The Chinese market does not share the exact same institutional background. The central bank, fiscal authorities, regulators, local governments, state-owned financial institutions, and quasi-fiscal platforms all have their own ways of operating. Consequently, the market has developed another, more complex belief: when the stock market, real estate, LGFV (Local Government Financing Vehicle) bonds, or the RMB exchange rate drops close to certain political and economic tolerance boundaries, the policy toolbox is likely to be opened.
This toolbox is uniquely Chinese. Inside, there are RRR (Reserve Requirement Ratio) cuts, interest rate cuts, window guidance, liquidity tools, regulatory easing, fiscal swaps, and also purchases by the "National Team" (state-backed funds). Unlike the US central bank, where a single protagonist performs under the spotlight, it resembles a multi-departmental ensemble. Someone plays the strings, someone beats the gong, and someone is responsible for wiring things up backstage.
The domestic stock market bailout in 2015 was the most conspicuous public debut of this logic. The National Team bought stocks through state-owned financial institutions, and market volatility did indeed decline. The cost was also clear: the informational content of prices was diluted. Investors gradually shifted from researching companies to researching who would intervene. Prices were still ticking, but there was now a policy doctor standing next to the electrocardiogram.

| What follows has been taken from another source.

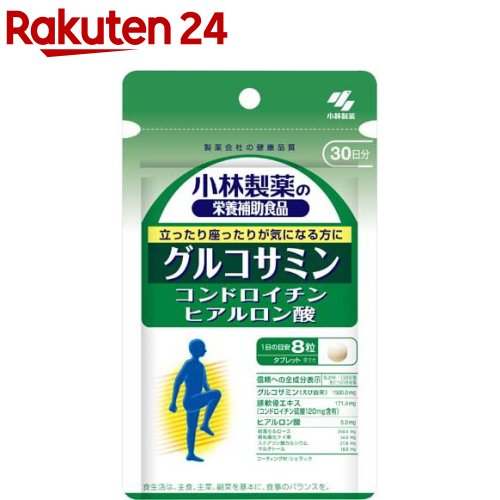 2位　小林製薬の栄養補助食品 グルコサミンコンドロイチン硫酸ヒアルロン酸(270mg*240粒)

The trouble with the policy put lies exactly here. It can save the market from breaking a few bones, but it may also encourage the market to jump even higher next time.
I. Beyond the Central Bank, There is an Entire Macro-Governance Script

When US investors look at the Greenspan Put, they mainly keep their eyes on the Federal Reserve. The market guesses daily about rate cuts, balance sheet shrinking, and liquidity, akin to guessing whether an old butler will serve hot soup tonight.

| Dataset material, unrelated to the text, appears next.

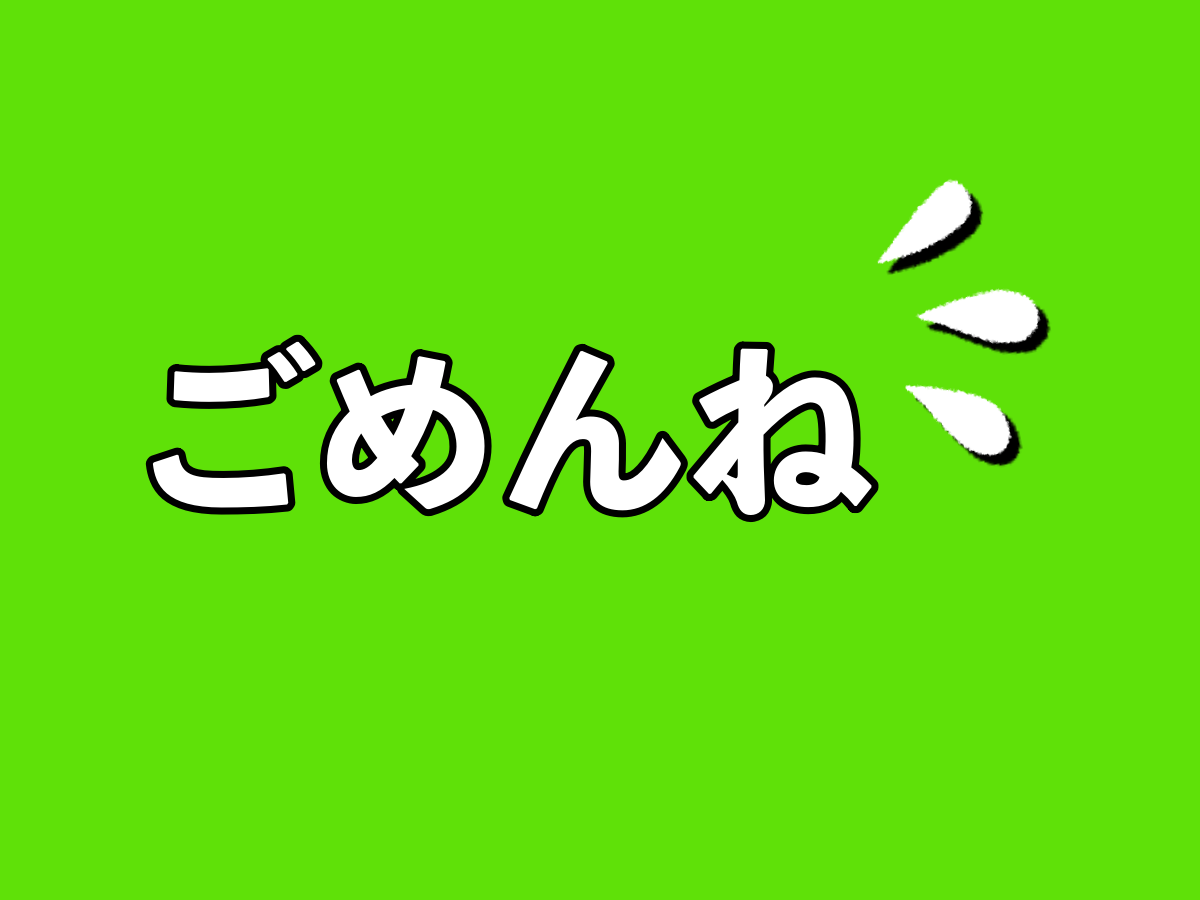 知らなかった 絵文字の 汗マーク 海外のとんでもない意味にsnsが震撼 ニコニコニュース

The task for Chinese investors is not that simple. Will the Politburo set the tone? Will the central bank cut the RRR? Will the fiscal authorities swap hidden local debts? Will housing and financial regulators ease real estate financing? Will Central Huijin increase its holdings of ETFs (Exchange Traded Funds)? Will local governments assist LGFVs in refinancing? Each question is like a door, and behind the door, there is still a corridor.
This policy reaction function is hard to simplify into a single formula. It looks more like a complicated duty roster. Who steps in first, who handles the aftermath, who provides liquidity, and who stabilizes expectations are not necessarily clarified in advance. But the market knows that as long as the matter is big enough to affect financial stability, some department will eventually turn on the lights.
Pan Gongsheng mentioned at the 2024 Lujiazui Forum that China's monetary policy must balance short-term and long-term goals, steady growth and risk prevention, as well as internal and external equilibrium. This statement sounds formal, but its actual implication is profound: the tasks facing China's central bank go far beyond inflation and employment. It also has to consider the exchange rate, bank net interest margins, local fiscal conditions, household confidence, and even the temperature of market sentiment.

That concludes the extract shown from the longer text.